After eating at two French restaurants consecutively for Let’s Do Lunch – Becasse and glass brasserie – we’re giving our livers a break with one of Sydney’s favourite cuisines, Japanese. We’re aching for some cleansing miso and the destination is Azuma Kushiyaki. I’m a fan of chef Kimitaka Azuma’s other restaurant (Azuma) in Chifley Plaza and am excited to try out Kushiyaki.
As expected, the interior is elegant and modern, with beautiful wall hangings and various objets d’art that reinforce the relaxing Japanese aesthetic. The exposed, timber tables make for a welcome change from the linen clad counterparts of the previous two days.
Kushiyaki’s $35.00 Let’s Do Lunch offer substitutes the usual coffee with green tea. That is served first and arrives in a stunningly glazed ceramic cup. The meal that follows is bento style, with a variety of dishes accompanied by rice and miso soup.
Sesame sprinkled ohitashi – boiled spinach with soy, mirin and dashi – is simple and light. More exciting is Azuma’s seared tuna salad, known to food lovers through the television show Food Safari. Yellowfin tuna is briefly seared, then marinated in a punchy ponzu dressing and served completely covered with grated onion and daikon. The flavours are fresh and the tuna is silky smooth – a dish that lives up to its reputation.
Though it is perfectly ok to visit Azuma Kushiyaki while Azuma’s not there, it’s incomprehensible to leave without trying a few kushiyaki (grilled skewers). Luckily, these are also there as part of our meal: a crunchy zucchini skewer sprinkled with dried shiso leaf and a simple, single prawn skewer, edible with shell and all.

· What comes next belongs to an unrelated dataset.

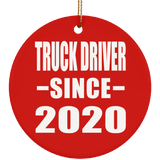 Truck Driver Since 2020 - Circle Ornament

These two are perfect companions to beer, and the included Coopers Pale Ale works a treat.
On the Crave Sydney International Food Festival website, the meal’s centrepiece is advertised as wagyu sirloin steak with garlic soy, but is described on our menu as grain-fed tenderloin. A quick back-and-forth between the waitress and the kitchen confirms that the beef is in fact, not wagyu; but the juicy, wonderfully flavoured steak reminds us that, yes, there are varieties of beef other than wagyu that are still worth eating.
As we finish with rice and miso, my colleagues have wide grins on their faces. Azuma’s meal is so far the week’s favourite. It not only ticks the flavour box, but it also fills up the tummies of hungry office workers. Portion means a great deal to us blokes.